TRY IT: Restate word for word every line from the top of the data below down through the line that holds "Luxury Brown Leather Modular Sectional 5pc".
- - - -
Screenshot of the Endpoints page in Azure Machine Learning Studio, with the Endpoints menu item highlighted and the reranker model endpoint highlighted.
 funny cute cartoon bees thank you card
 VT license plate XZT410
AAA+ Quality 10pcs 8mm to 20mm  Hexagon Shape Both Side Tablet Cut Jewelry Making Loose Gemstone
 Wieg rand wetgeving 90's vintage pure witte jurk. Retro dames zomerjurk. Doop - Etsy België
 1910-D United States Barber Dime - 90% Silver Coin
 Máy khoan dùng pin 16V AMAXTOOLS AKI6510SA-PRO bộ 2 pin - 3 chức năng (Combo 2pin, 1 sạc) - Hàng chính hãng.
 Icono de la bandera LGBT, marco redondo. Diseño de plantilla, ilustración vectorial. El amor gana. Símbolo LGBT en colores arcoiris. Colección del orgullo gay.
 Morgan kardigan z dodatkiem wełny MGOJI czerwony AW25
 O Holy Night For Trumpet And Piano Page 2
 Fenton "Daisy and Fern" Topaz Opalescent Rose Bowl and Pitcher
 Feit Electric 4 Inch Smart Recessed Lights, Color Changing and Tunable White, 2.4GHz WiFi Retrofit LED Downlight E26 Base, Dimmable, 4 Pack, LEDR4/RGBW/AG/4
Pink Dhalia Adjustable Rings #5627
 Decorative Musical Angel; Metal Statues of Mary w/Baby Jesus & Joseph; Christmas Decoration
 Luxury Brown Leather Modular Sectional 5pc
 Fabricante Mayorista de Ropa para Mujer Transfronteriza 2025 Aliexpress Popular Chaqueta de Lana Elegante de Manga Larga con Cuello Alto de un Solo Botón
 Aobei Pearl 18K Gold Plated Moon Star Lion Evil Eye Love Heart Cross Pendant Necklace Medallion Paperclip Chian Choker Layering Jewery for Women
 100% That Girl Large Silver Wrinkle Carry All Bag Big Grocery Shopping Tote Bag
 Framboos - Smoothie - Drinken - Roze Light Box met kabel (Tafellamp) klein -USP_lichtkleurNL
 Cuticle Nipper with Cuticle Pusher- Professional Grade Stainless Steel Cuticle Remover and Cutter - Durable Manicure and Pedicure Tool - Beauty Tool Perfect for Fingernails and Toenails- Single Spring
- - - -
OUTPUT FOR THIS TASK:
Screenshot of the Endpoints page in Azure Machine Learning Studio, with the Endpoints menu item highlighted and the reranker model endpoint highlighted.
 funny cute cartoon bees thank you card
 VT license plate XZT410
AAA+ Quality 10pcs 8mm to 20mm  Hexagon Shape Both Side Tablet Cut Jewelry Making Loose Gemstone
 Wieg rand wetgeving 90's vintage pure witte jurk. Retro dames zomerjurk. Doop - Etsy België
 1910-D United States Barber Dime - 90% Silver Coin
 Máy khoan dùng pin 16V AMAXTOOLS AKI6510SA-PRO bộ 2 pin - 3 chức năng (Combo 2pin, 1 sạc) - Hàng chính hãng.
 Icono de la bandera LGBT, marco redondo. Diseño de plantilla, ilustración vectorial. El amor gana. Símbolo LGBT en colores arcoiris. Colección del orgullo gay.
 Morgan kardigan z dodatkiem wełny MGOJI czerwony AW25
 O Holy Night For Trumpet And Piano Page 2
 Fenton "Daisy and Fern" Topaz Opalescent Rose Bowl and Pitcher
 Feit Electric 4 Inch Smart Recessed Lights, Color Changing and Tunable White, 2.4GHz WiFi Retrofit LED Downlight E26 Base, Dimmable, 4 Pack, LEDR4/RGBW/AG/4
Pink Dhalia Adjustable Rings #5627
 Decorative Musical Angel; Metal Statues of Mary w/Baby Jesus & Joseph; Christmas Decoration
 Luxury Brown Leather Modular Sectional 5pc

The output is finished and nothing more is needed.